In this case we have a SQL database. It is stored across two volumes on a NetApp SAN, which is a NAS device. We can see that those two devices are indeed replicated, but the status of those devices is inconsistent. When clicking on the first link we can easily see that this particular link is in re-try state and the data slightly more than one day old whereas the other portions of the storage is in sync and actually 12 second behind. Obviously we have a case here of corrupt copy. If you were to have DR event right now, you would have no valid copy of that particular database in your data center. That’s a significant risk your data.

 


Let’s take a look at an availability issue in a cluster. We can easily understand from the ticket is that we have a production system with a volume group that is clustered. The volume group is stored across two Symmetric devices, but the standby system is mapped and zoned at the SAN level, only to one of these devices, meaning that if a failover were to happen, the failover will fail. It will only work properly once you map and zone this device to your other cluster notes. This is pretty obvious once it is pointed out, but it is difficult to find out manually that this risk exists. And remember that we are doing it for near 3000 risks once a day. That’s the equivalent of running a full DR test each night.

 

Let’s take a look at another issue. Here we can see a UNIX system. We have an Oracle database stored in a volume group spanned across several devices. As we can see on the SAN level, these are not provisioned with SAN I/O paths in a consistent way. One of the devices has one path and the others have more than one. Actually, one has four, one device has five paths. There are even some dead paths. RecoverGuard can identify this and issue an alert. The remedy here is to set up the right numbers of paths and revive the dead ones to make sure that the systems are in perfect shape and in perfect performance.

 


In this list we find more issues. For instance, the DR host doesn’t have the right performance characteristics. Another show a production file system stored on multiple RAID levels which can lead to poor performance.
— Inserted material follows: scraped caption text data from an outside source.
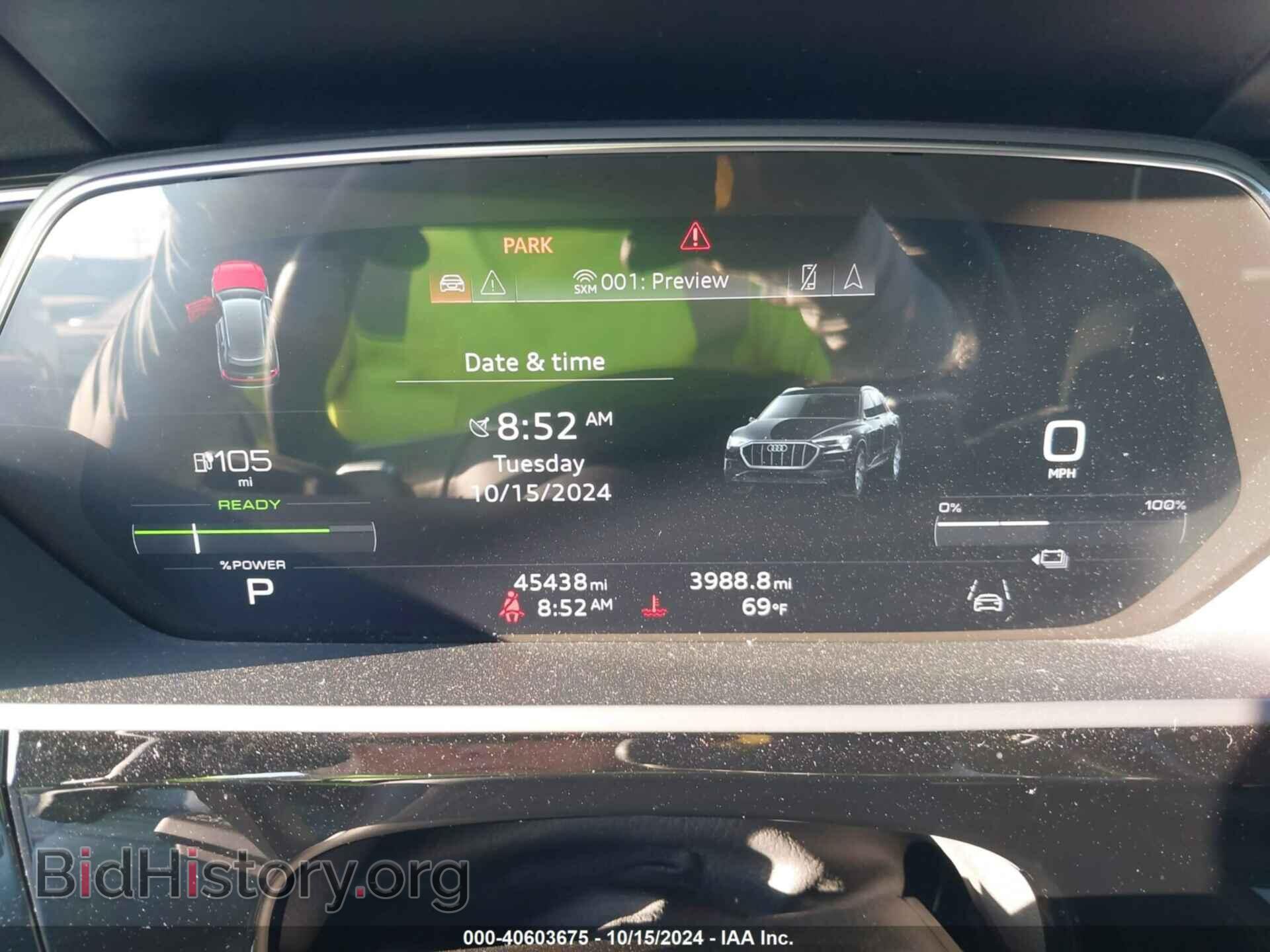 2021 AUDI E-TRON - VIN: WA1AAAGEXMB013643 - Фото 7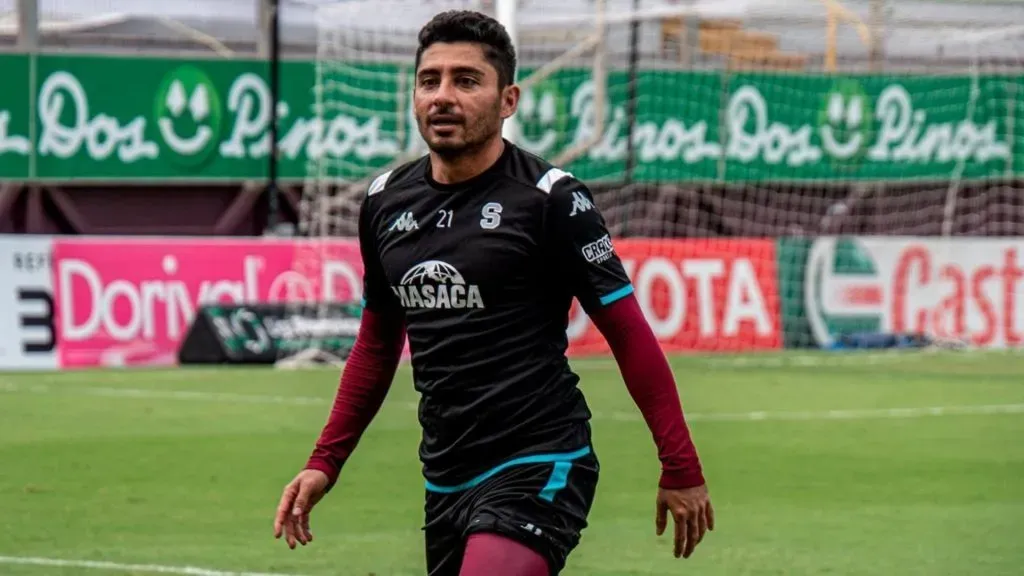 Esteban Rodríguez supo brillar en el Saprissa. (Saprissa)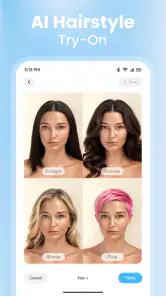 AI Photo Studio & Hair Styler screenshot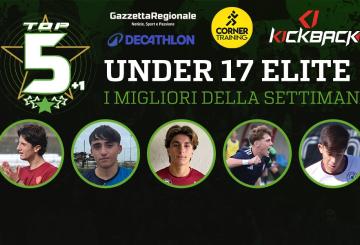 UNDER 17 - VOTA IL MIGLIOR GIOCATORE DELL'ULTIMA GIORNATA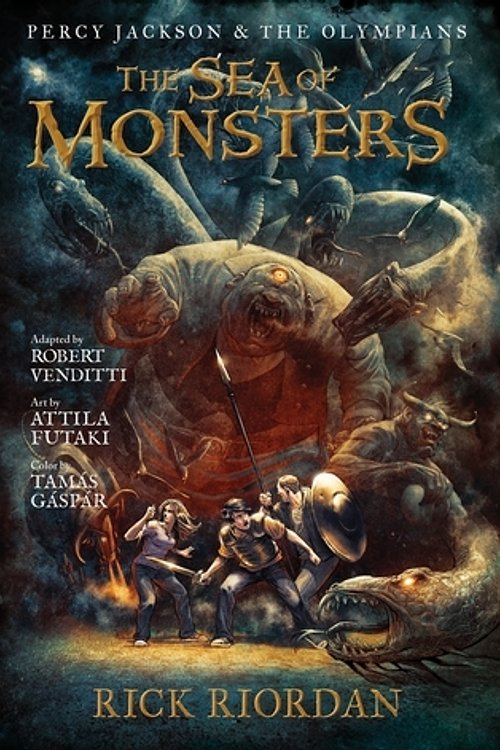 Cover Art for 9781423145295, Percy Jackson and the Olympians: Sea of Monsters, The: The Graphic Novel by Rick Riordan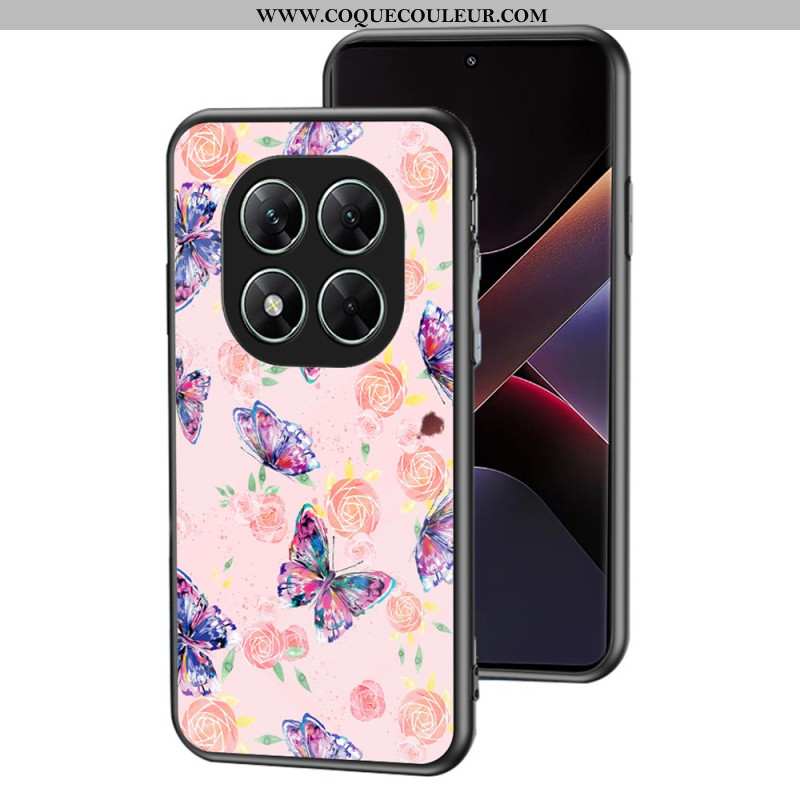 Coque Xiaomi Redmi Note 14 Pro 5G / Poco X7 5G Série Papillons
We find often that these issues will happen across time. You set up your system with great care for the right tier of storage but as time passes and new storage is provisioned, sometime this model will break and you’ll end up with large databases stored on devices which are not always on the right tier.

 


Here’s another interesting example. In this case, we have a volume group assigned to multiple fiber optic SAN devices over NetApp. The volumes are not all set for the same image property. With NetApp, when you assigned a volume to a particular host, you can actually tune it for performance by choosing the right image type. Some of the devices here are tuned for Linux but many are not. The overall performance of this volume will not be optimal. Plus, there are some stability issues. This is not a recommended best practice.

Those were a few sample tickets that I wanted to show you. Now I’d like to cover some more areas in the product. I’d like to show you some of the root cause analysis capabilities that are available in RecoverGuard Version 4.0. I’ll do that by choosing another ticketing and drilling down into the problem.
 


We have here a SQL server stored on two NetApp volumes and just one of these is replicated. That means that in the event of a DR event, half of your data will not be there. We can drill down more to see the actual file systems the data is stored on and which particular files are stored where. In order to see how this has happened, we can go to the “Reporting” tab and look into the Data Center Change Log:

 


Here we can see everything that happened on your data center since yesterday. Since this is a new ticket, this is the best way to look into the sequence of events that led to this problem. By the way, you can see some interesting information about critical issues that relate to availability and data protection here: clusters, failovers, etc. By scrolling down we can quickly find that particular file server. We can see that a new network drive was added and than mapped to a NetApp volume. Two new data files were added to the SQL databases. One of these was on the new volume which is not replicated. This all leads to the problem RecoverGuard identified.  

In the Report module, there are additional reports that relate to performance, optimization, and best practices. One of these is a report that can identify servers which are configured with a single SAN path and that may be by design for a tier 2 server, but it definitely not a good practice for tier 1.
 Another interesting report is the Storage Provisioning Optimization Report that will show you a storage that was provisioned that’s not actually used.
 


This can happen as you retire some servers, and they are not totally out yet, and the applications have moved but devices were not reclaimed. Or you provisioned storage in advance but no one end up using that storage, so it can be there provisioned for a very long time.

 


As this chart clearly shows, there are 21 terabytes of storage which is not provisioned plus around 40 terabytes more of replicas. You can understand how old the devices are, and view the report by this factor. So you can, for instance, look for storage that has been provisioned for more than three months but still not used, which is the case here. You can drill down by array or by host and see your top areas of waste. You also see all the relevant details, summary by site, by host, and various devices, etc. This is something which worthwhile running about once a quarter to identify what can be reclaimed.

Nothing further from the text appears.